Captioned web images:
+---+
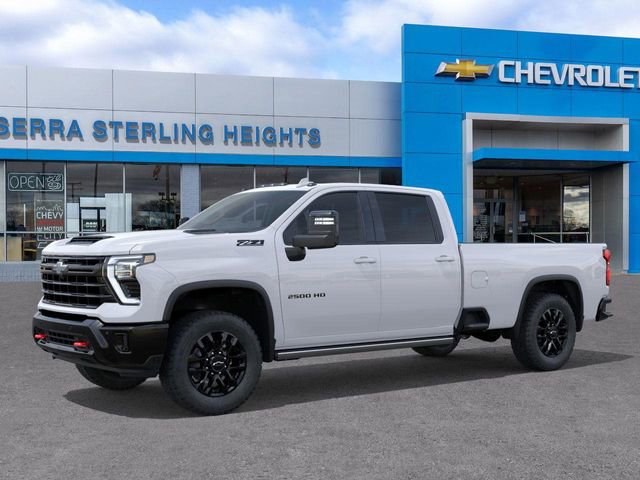 New 2026 Chevrolet Silverado 2500 LTZ w/ LTZ Plus Package image 2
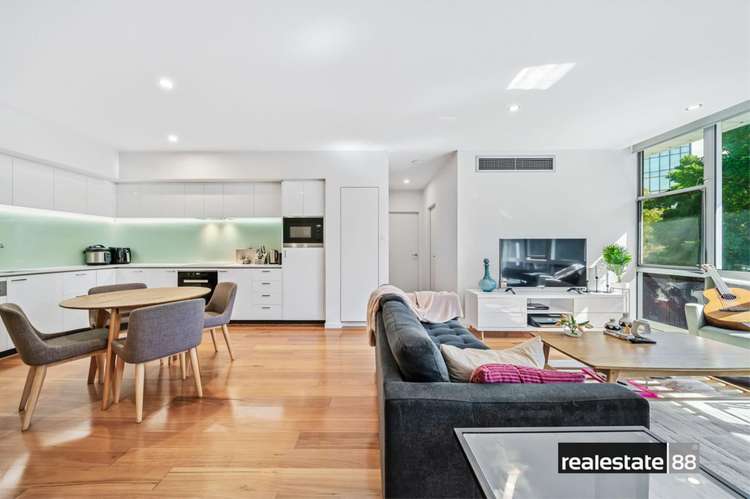 Main view of Homely apartment listing, 12/189 Adelaide Terrace, East Perth WA 6004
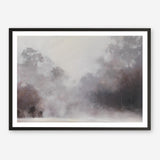 Shop Misty Morning Art Print a painted style wall art print from The Print Emporium wall artwork collection - Buy Australian made fine art painting style poster and framed prints for the home and your interior decor room, TPE-415-AP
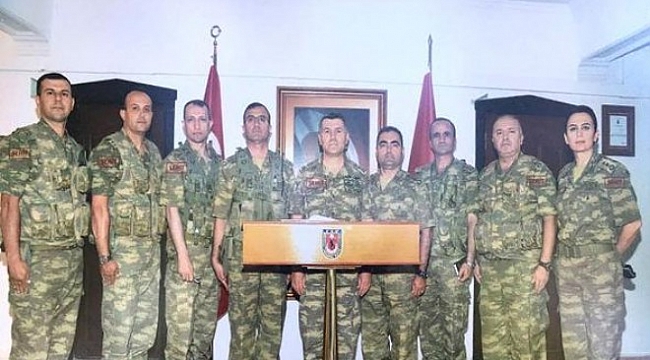 Şırnak şehitlerinden son fotoğraf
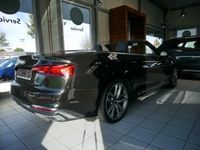 Gebraucht Audi A5 Cabriolet S-Line 190 PS (139 kW) 2020 Schwarz Cabrio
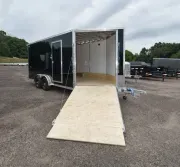 new Snowmobile Trailers Lightning Trailers  for sale, in Elk Mound, WI Thumbnail 4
+---+
THE TASK -> Leave out the pictures and reproduce the rest of the records exactly.

ANSWER TO THE PROBLEM ->
 New 2026 Chevrolet Silverado 2500 LTZ w/ LTZ Plus Package image 2
 Main view of Homely apartment listing, 12/189 Adelaide Terrace, East Perth WA 6004
 Shop Misty Morning Art Print a painted style wall art print from The Print Emporium wall artwork collection - Buy Australian made fine art painting style poster and framed prints for the home and your interior decor room, TPE-415-AP
 Şırnak şehitlerinden son fotoğraf
 Gebraucht Audi A5 Cabriolet S-Line 190 PS (139 kW) 2020 Schwarz Cabrio
 new Snowmobile Trailers Lightning Trailers  for sale, in Elk Mound, WI Thumbnail 4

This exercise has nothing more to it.